I'm trying to use System.Numerics.Vector(T) to vectorize an algorithm and take advantage of SIMD operations of the CPU. However, my vector implementation was substantially slower than my original implementation. Is there any trick to using Vectors that may not have been documented? The specific use here is to try to speed up Xors of kb of data.
Unfortunately, almost all of the documentation I can find on it is based on the a pre-release version of RyuJIT, and I don't know how much of that material is portable to .NET Native.
When I inspect the disassembly during a Vector xor operation, it shows:
00007FFB040A9C10 xor eax,eax
00007FFB040A9C12 mov qword ptr [rcx],rax
00007FFB040A9C15 mov qword ptr [rcx+8],rax
00007FFB040A9C19 mov rax,qword ptr [r8]
00007FFB040A9C1C xor rax,qword ptr [rdx]
00007FFB040A9C1F mov qword ptr [rcx],rax
00007FFB040A9C22 mov rax,qword ptr [r8+8]
00007FFB040A9C26 xor rax,qword ptr [rdx+8]

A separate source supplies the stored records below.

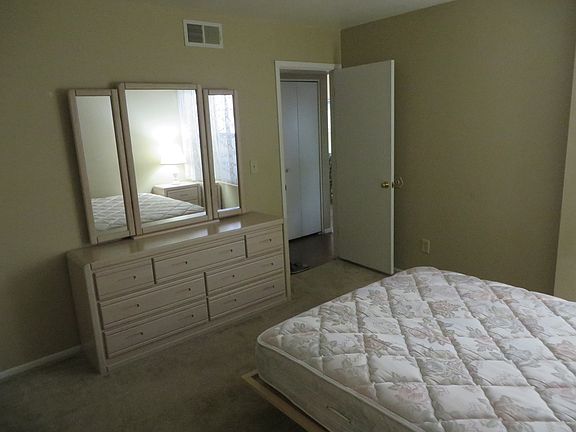 bedroom - dresser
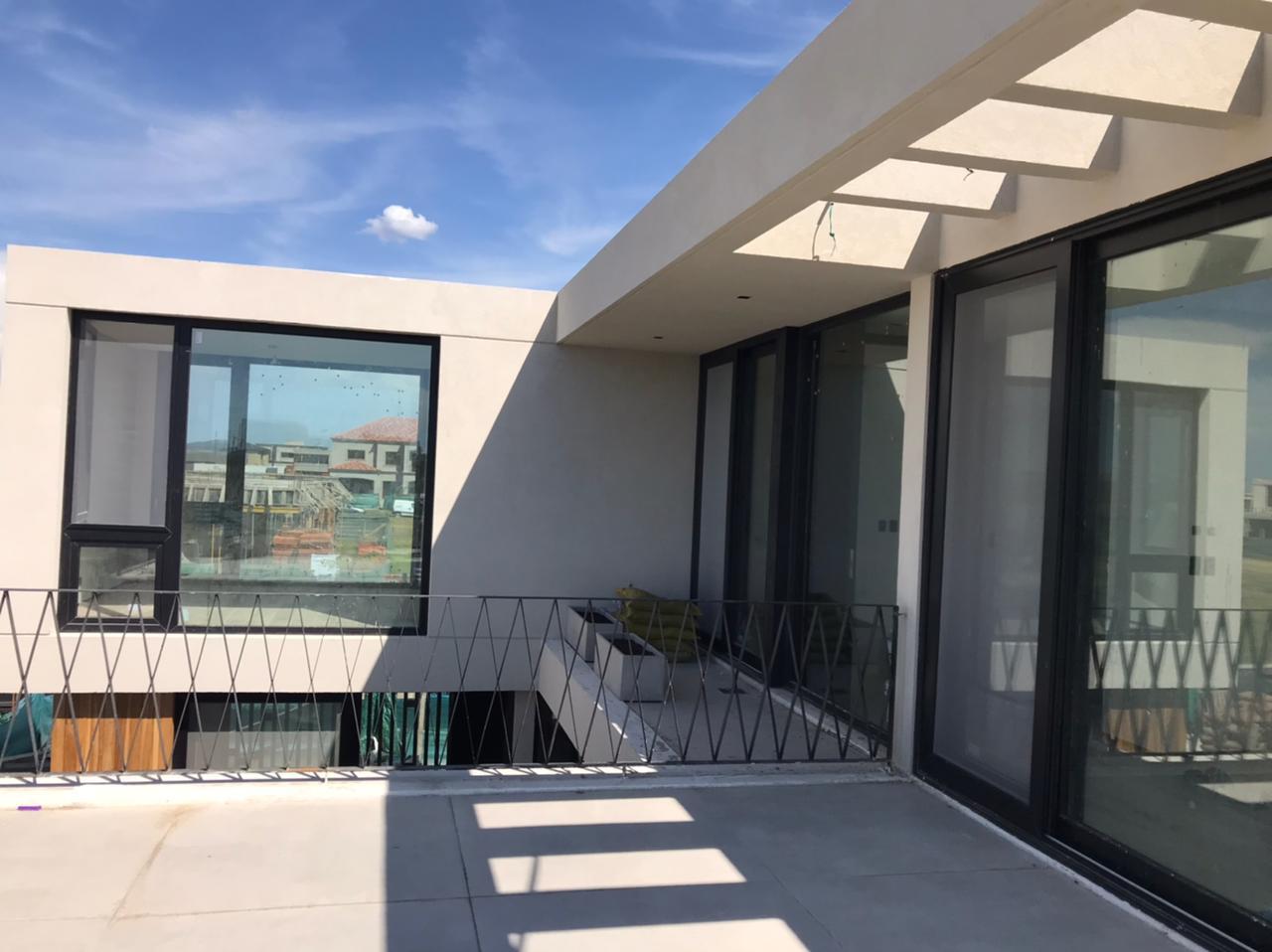 Aislamiento superior, mantenimiento mínimo, seguridad y resistencia garantizada.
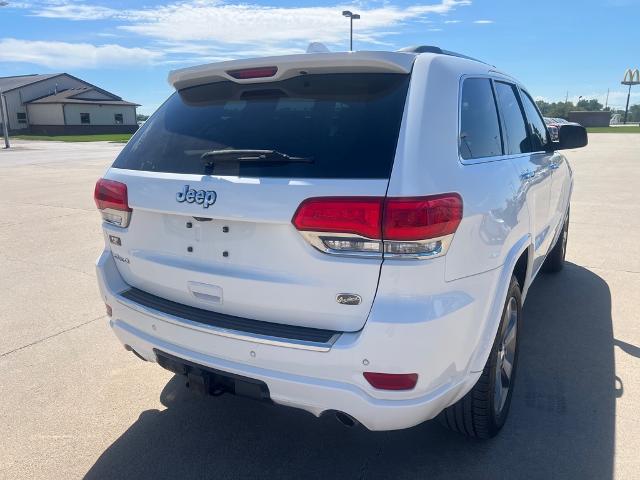 2016 Jeep Grand Cherokee Overland photo 2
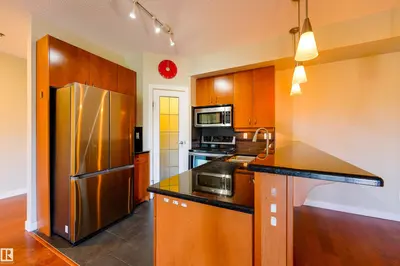 Interior photo 2 of #402 9750 94 ST NW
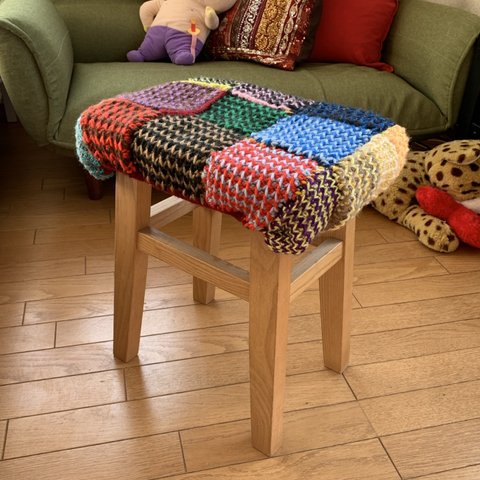 ニットのスツールカバー✳︎手編みのスツールカバー✳︎毛糸のスツールカバー✳︎Stool knit cover✳︎毛糸のモチーフパッチワーク✳︎入り口ゴム入り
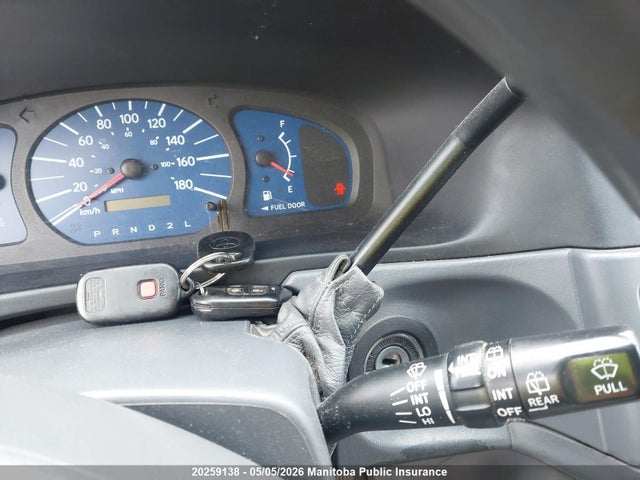 2003 Toyota Sienna Ce V6 მანქანა იყიდება აუქციონზე, vin: 4T3ZF19C53U512636, აუქციონის ნომერი: 20259138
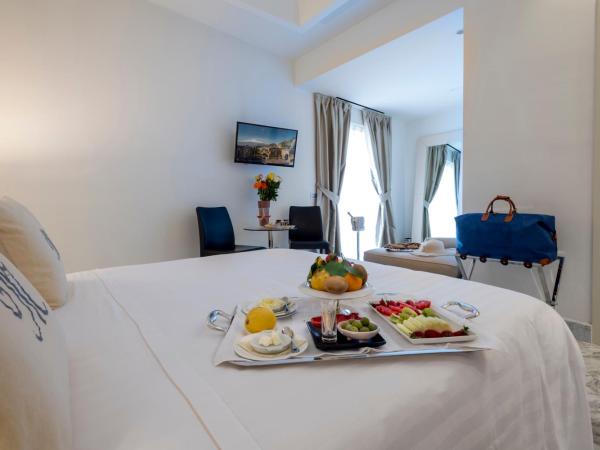 Hotel Metropole Taormina : photo 4 de la chambre chambre double deluxe avec terrasse et piscine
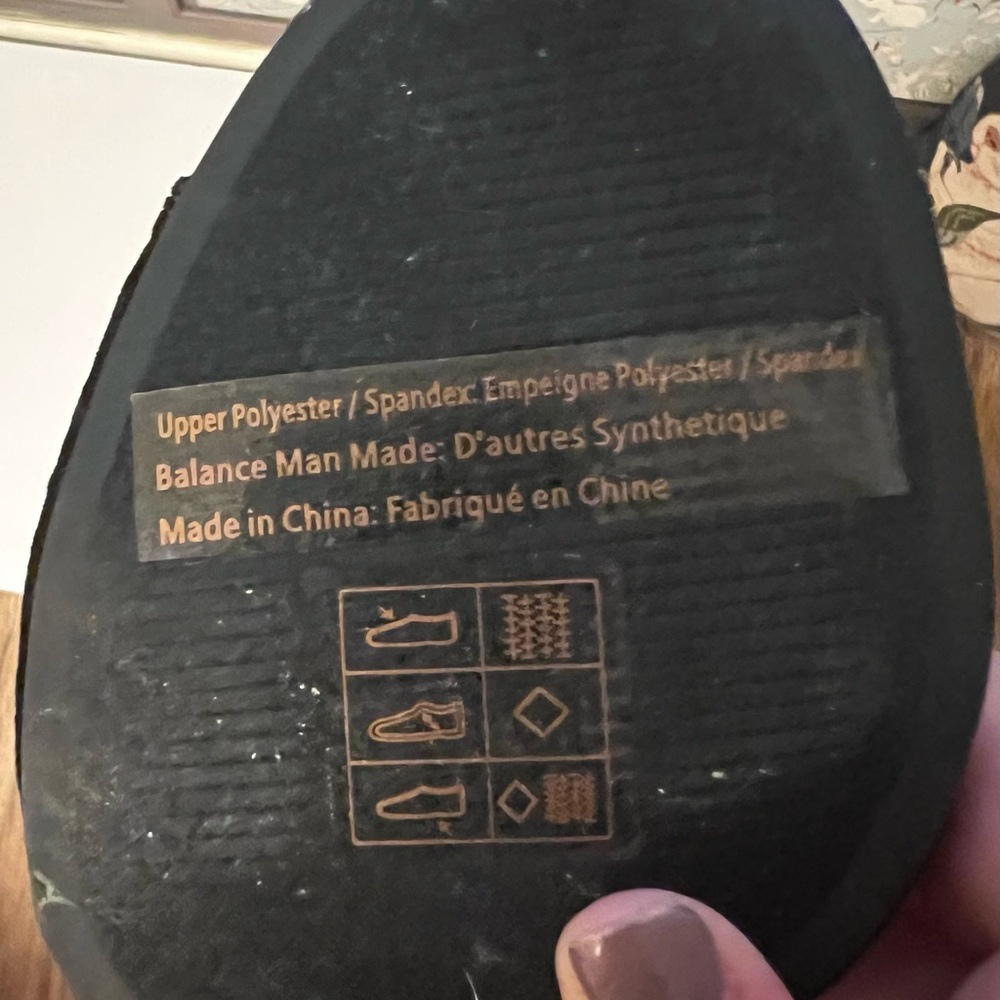 Cabi Crushed Velvet Interlock Block Open Toe Heel… - image 8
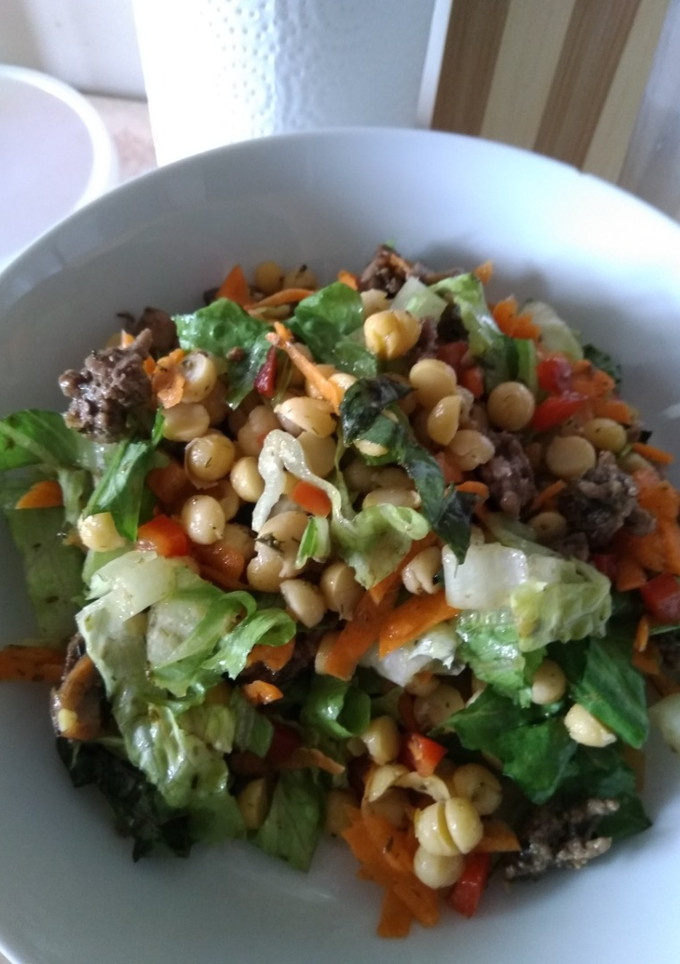 Una foto de Ensalada veraniega de garbanzos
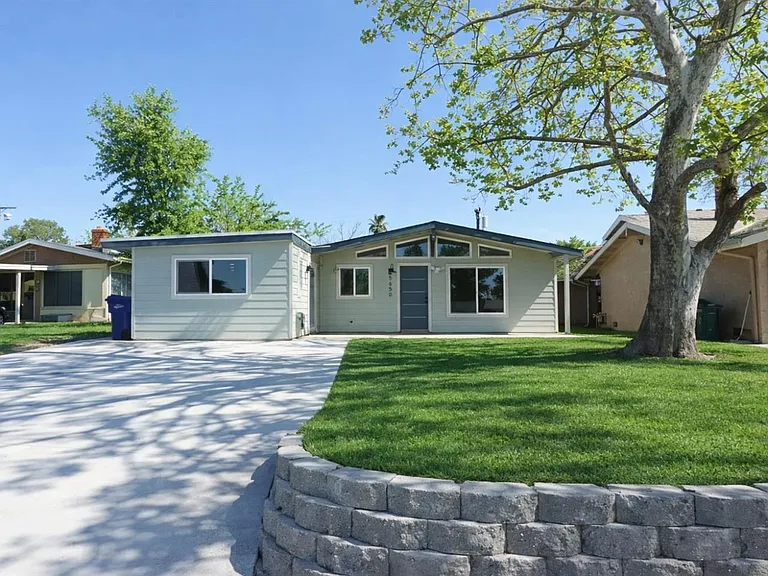5650 San Vincente Way — Photo 2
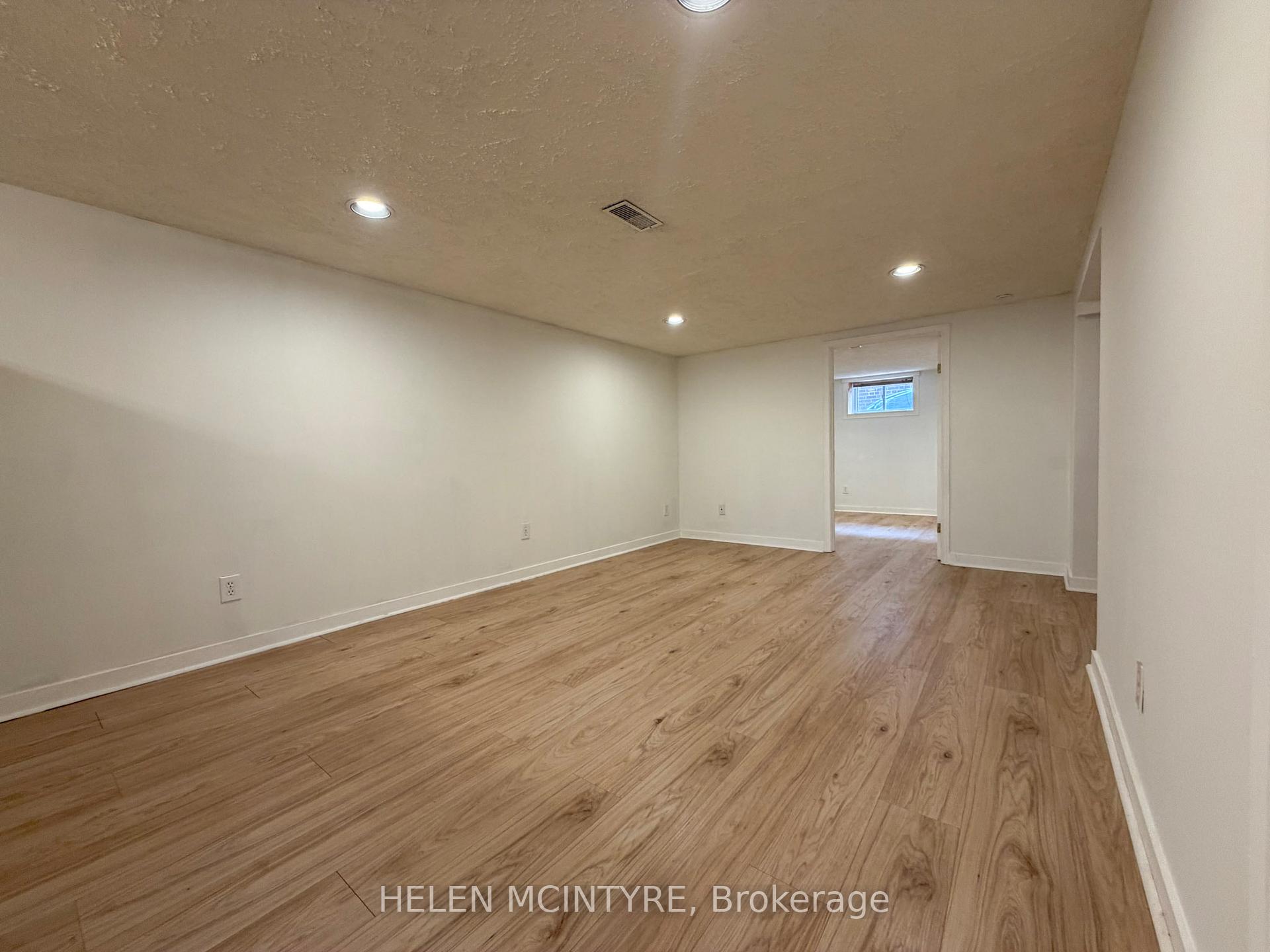 Photo 3 of 34 Dunning Crescent, Etobicoke, Alderwood — HOMEH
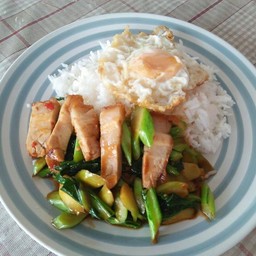 เจ๊หมวยตามสั่งสามแยกเจดีย์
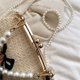 thumbnail image 4 of Bolso de Paja DQrwqpou Verano Con Cierre Beso Cruzado Cadena Perlas para Mujer Beige, 4 of 9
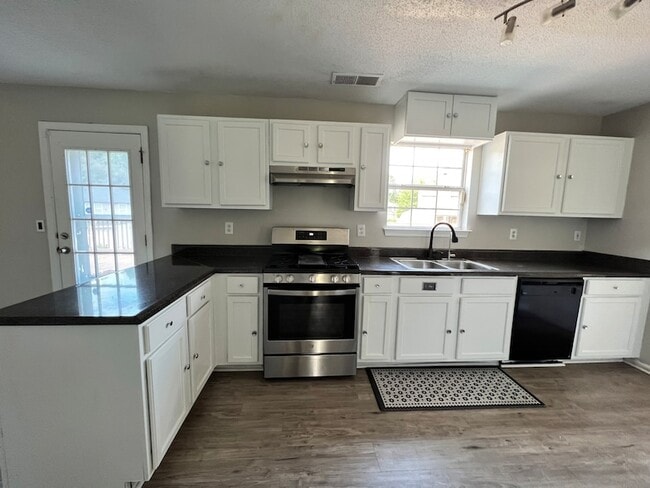 Building Photo - 448 Canoga Ct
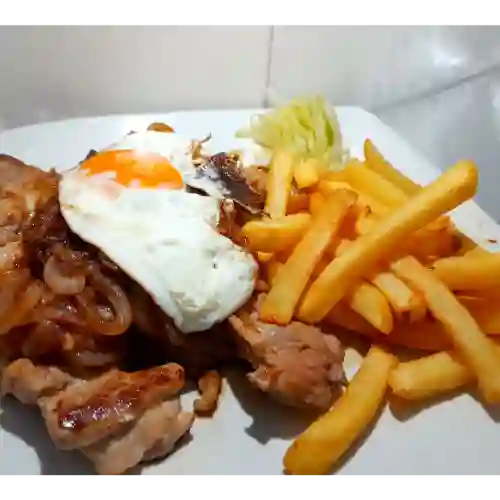 Bistec a Caballo Res y Papas Fritas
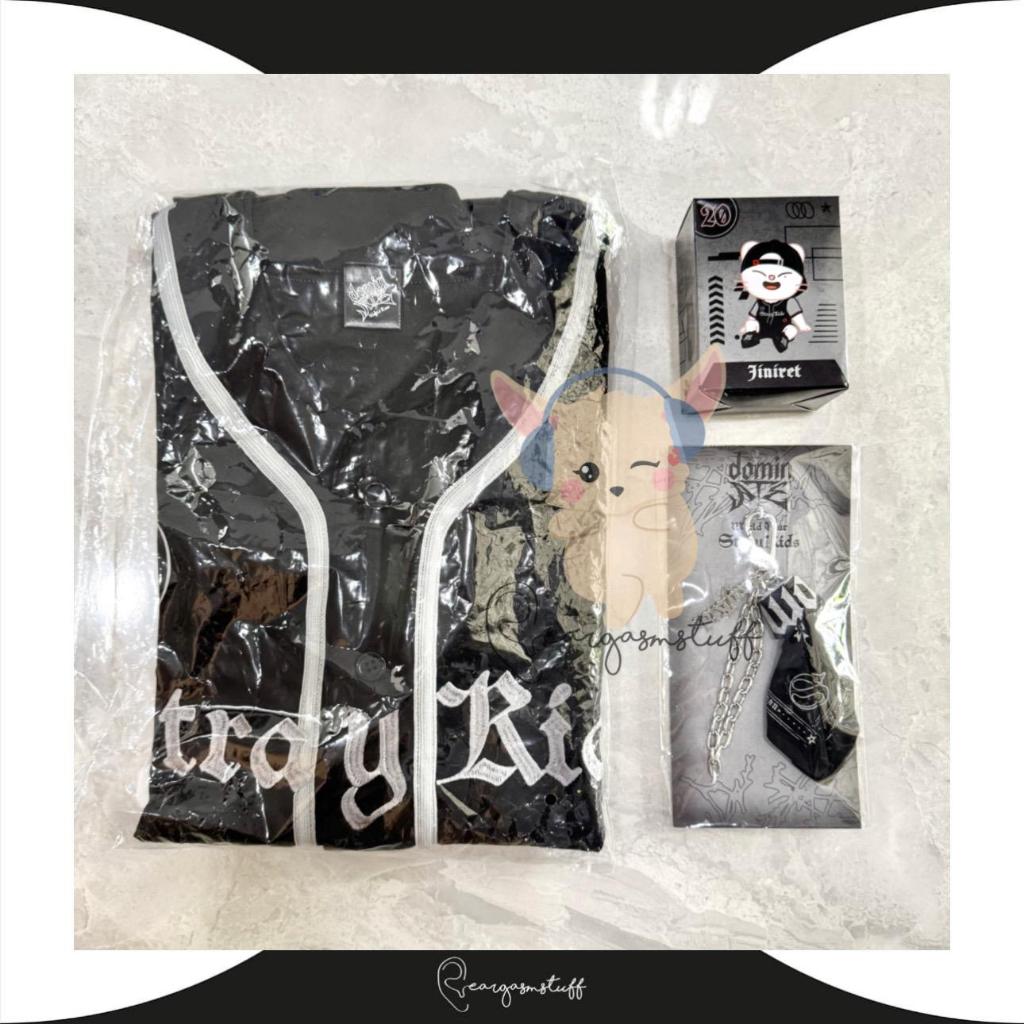 (PLSN) STRAY KIDS DOMINATE JAPAN OFFICIAL MD / MERCHANDISE
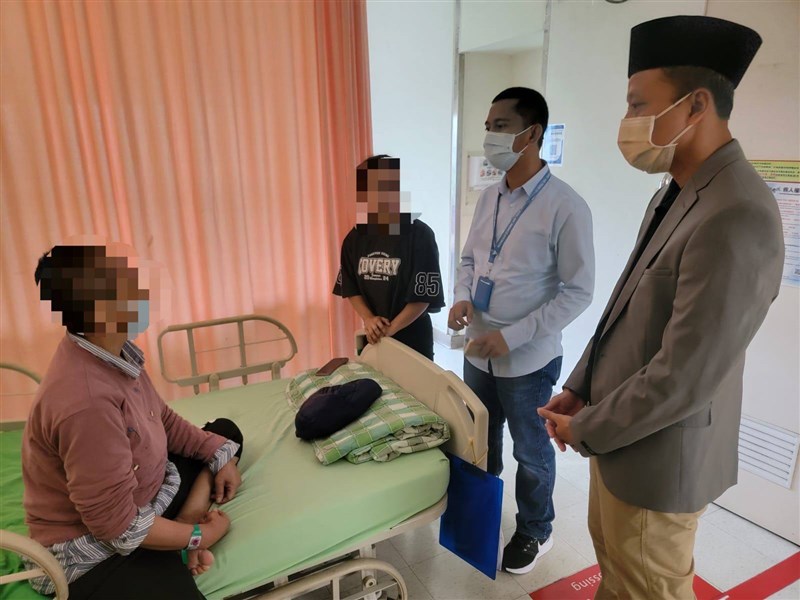 Arif Sulistiyo Kepala KDEI (kanan mengenakan peci) juga menjenguk PMI lain di salah satu rumah sakit Taipei, bernama Walyani asal Magelang. (Sumber Foto : KDEI)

00007FFB040A9C2A mov qword ptr [rcx+8],rax
00007FFB040A9C2E mov rax,rcx
Why doesn't it use the xmm registers and SIMD instructions for this? What's also odd is that SIMD instructions were generated for a version of this code that I hadn't explicitly vectorized, but they were never being executed, in favor of the regular registers and instructions.
I ensured that I was running with Release, x64, Optimize code enabled. I saw similar behavior with x86 compilation. I'm somewhat novice at machine-level stuff, so its possible there's just something going on here that I'm not properly understanding.
Framework version is 4.6, Vector.IsHardwareAccelerated is false at runtime.
Update: "Compile with .NET Native tool chain" is the culprit. Enabling it causes Vector.IsHardwareAccelerated == false; Disabling it causes Vector.IsHardwareAccelerated == true. I've confirmed that when .NET Native is disabled, the compiler is producing AVX instructions using the ymm registers. Which leads to the question... why is SIMD not enabled in .NET Native? And is there any way to change that?
Update Tangent: I discovered that the reason the auto-SSE-vectorized array code wasn't being executed was because the compiler had inserted an instruction that looked to see if the start of the array was at a lower address than one of the last elements of the array, and if it was, to just use the normal registers. I think that must be a bug in the compiler, because the start of an array should always be at a lower address than its last elements by convention. It was part of a set of instructions testing the memory addresses of each of the operand arrays, I think to make sure they were non-overlapping. I've filed a Microsoft Connect bug report for this: https://connect.microsoft.com/VisualStudio/feedback/details/1831117
true
? – usrwhy is SIMD not enabled in .NET Native?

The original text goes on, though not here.